The 2012 presidential race has brought religion into politics on an explicit level, as the candidates have competed to establish their bona fides as believers and defend their religious affiliations. And who could forget former Republican candidate Rick Santorum’s statement that the very concept of separation of church and state made him want to throw up? This year’s presidential contenders’ religious practices rest squarely at the center of political discussions.

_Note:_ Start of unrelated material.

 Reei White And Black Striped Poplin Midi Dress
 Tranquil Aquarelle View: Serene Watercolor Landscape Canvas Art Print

Herb Silverman, founder and president of the Secular Coalition for America, has been following all of this very closely. During the Republican primaries, particularly around January’s race in his home state of South Carolina, Silverman wrote a series of columns for the Huffington Post in which he humorously observed the efforts of various politicians to impress voters with their spiritual credentials. (Full disclosure: I was his contact when he submitted his columns.)

Silverman has spent much of his life thinking about his beliefs, in an iconoclastic manner evidenced in his regular “On Faith” columns in the Washington Post. More significantly, Silverman knows about the intersection between religion and politics first-hand. As he recounts in his new memoir, Candidate Without a Prayer: An Autobiography of a Jewish Atheist in the Bible Belt, Silverman—raised as an Orthodox Jew and now an outspoken atheist—ran for office in South Carolina to challenge a state law requiring candidates to assert religious faith. After an eight-year battle, Silverman won his legal challenge.

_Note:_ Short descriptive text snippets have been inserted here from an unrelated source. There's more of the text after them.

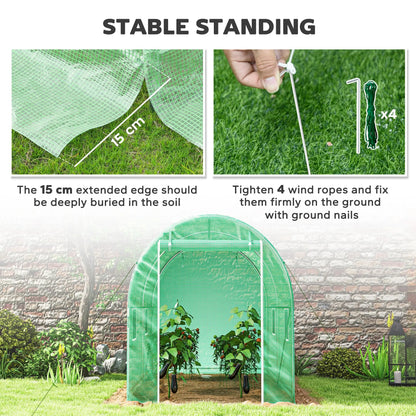 Outsunny 300 x 195cm Walk-In Tunnel Greenhouse - Green 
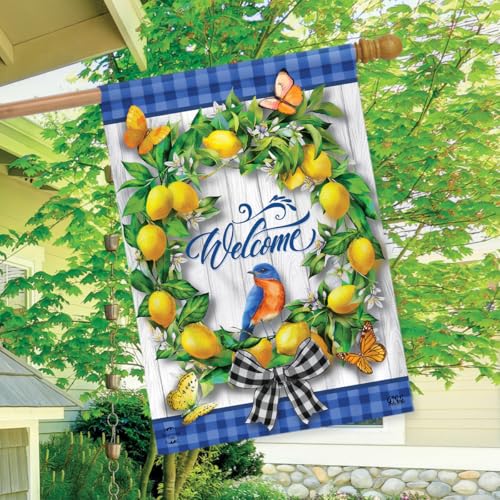 Lemon Wreath Spring House Flag Welcome Bluebird 28" x 40" Briarwood Lane - color: Lemon Bird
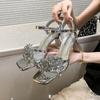 Fashion Flower High Heels Women Sandals Elegant Shoes Square Toe Slingback Summer 2025 Trend Dress Pumps Party Chunky Sandalias De Mujer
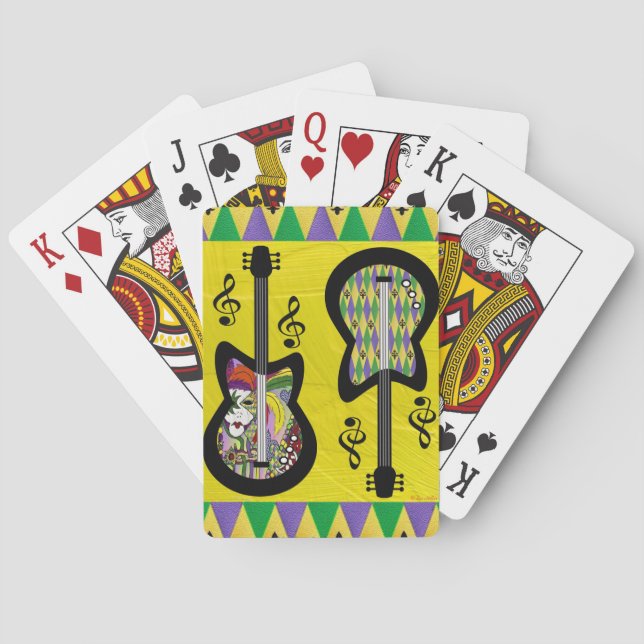 Farbenfrohe Mardi Gras Guitars Spielkarten (Rückseite)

Using his own experience and years of political observation, Silverman uses his book to expose the hypocrisy and the lack of logic in politics and public life. Writing in simple prose that brings to mind the clarity and depth of a mathematical theorem, he traces the youthful origins of his atheism and his journey to its “logical” conclusion: activism on behalf of secular America.

“I’m hoping for the day when we will judge candidates on their positions and integrity,” he writes, “and not on their professed religious beliefs.”